A saboteur is on the loose and wreaking havoc. Every time the authorities start closing in, the malefactor switches into one of many disguises and slips unnoticed into a new facility, causing still more damage until security forces again catch wise and the pursuit begins anew. But how long can he get away with it before his luck — and disguises — run out?

This same question arises when the malaria-causing pathogen Plasmodium falciparum circulates in the human bloodstream. Every time the immune system is on the verge of wiping out the infection, these parasites employ a sophisticated gene-switching mechanism that masks their presence and resets the clock on the body’s immune response. In the absence of medical treatment, these capabilities turn malaria into a prolonged, chronic condition that produces cycles of symptomatic disease and remission. Even experts in the parasite have been puzzled by P. falciparum’s capacity to maintain a haven in otherwise asymptomatic individuals — and potentially spread surreptitiously to new human hosts — for years on end.

Researchers led by Dr. Kirk Deitsch, professor of microbiology and immunology at Weill Cornell Medicine, are now closing in on an explanation for these immunity-eluding capabilities. Their findings suggest that the parasites are actually going into even deeper cover during chronic, asymptomatic infection than scientists previously understood — turning into “sleeper agents” that patiently wait for the threat from the immune system to die down before they reactivate and proliferate once again.

Beyond illuminating an important medical mystery, this work could have major implications for efforts to monitor, control and eliminate malaria, a disease that kills half a million people annually. “Most eradication plans are to go treat everybody who has symptoms and hope that you wipe out this disease,” says Dr. Deitsch. “It turns out there are probably a ton of people walking around with no symptoms who are carrying parasites and not going to the doctor, and they’re going to be a problem for eradication.”

A quick-change act

Like all parasites, P. falciparum has made trade-offs over the course of evolution to thrive in human hosts. With steady access to nutrients and a stable physiological environment, this organism has shed a lot of genes that would normally be indispensable for independent survival. Dr. Deitsch notes that this has also freed up valuable real estate for the parasite to acquire other essential functions. “They have to expand large parts of their genome in order to deal with things that we don’t — like their host trying to kill them all the time.” Indeed, this seemingly simple single-celled organism has devised sophisticated survival tactics, including a complex mechanism for eluding immunity-mediated detection and elimination.

While sequestered within red blood cells, P. falciparum expresses a protein called PfEMP1, which gets shuttled to the surface of infected cells and causes them to stick to the surface of blood vessels in various parts of the body. This prevents those cells from reaching the spleen — an immune cell-producing organ that would otherwise quickly destroy those abnormal cells — while also allowing the parasite to reproduce and inflict damage on host tissues in the process.
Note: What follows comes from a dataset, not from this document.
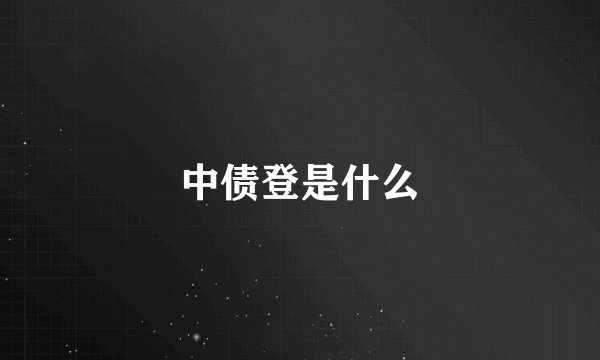 中债登是什么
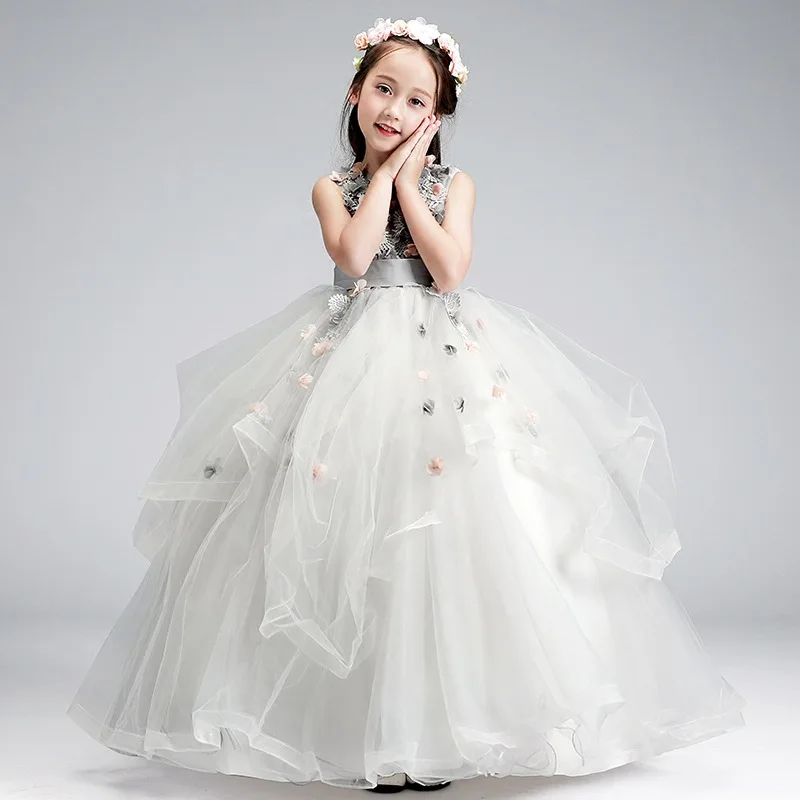 Милые серые Платья с цветочным узором для девочек бальное платье круглым вырезом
But this only buys a temporary reprieve, as circulating immune cells gradually recognize PfEMP1 as a signature of infection.

The onset of an immune response provokes a “wardrobe change” in the surviving parasites. The P. falciparum genome contains roughly 60 different genes referred to as var, each encoding a distinct version of PfEMP1 — and this only scrapes the surface of the total complexity. “Every parasite that you find in the field has a different repertoire of var genes,” says Dr. Deitsch. “We don’t know how big the total number of var genes is, but it’s very, very large.” The parasites within the host employ a complicated regulatory mechanism to undergo a coordinated switch to a new var gene, encoding a distinct PfEMP1 that is unfamiliar to the immune system.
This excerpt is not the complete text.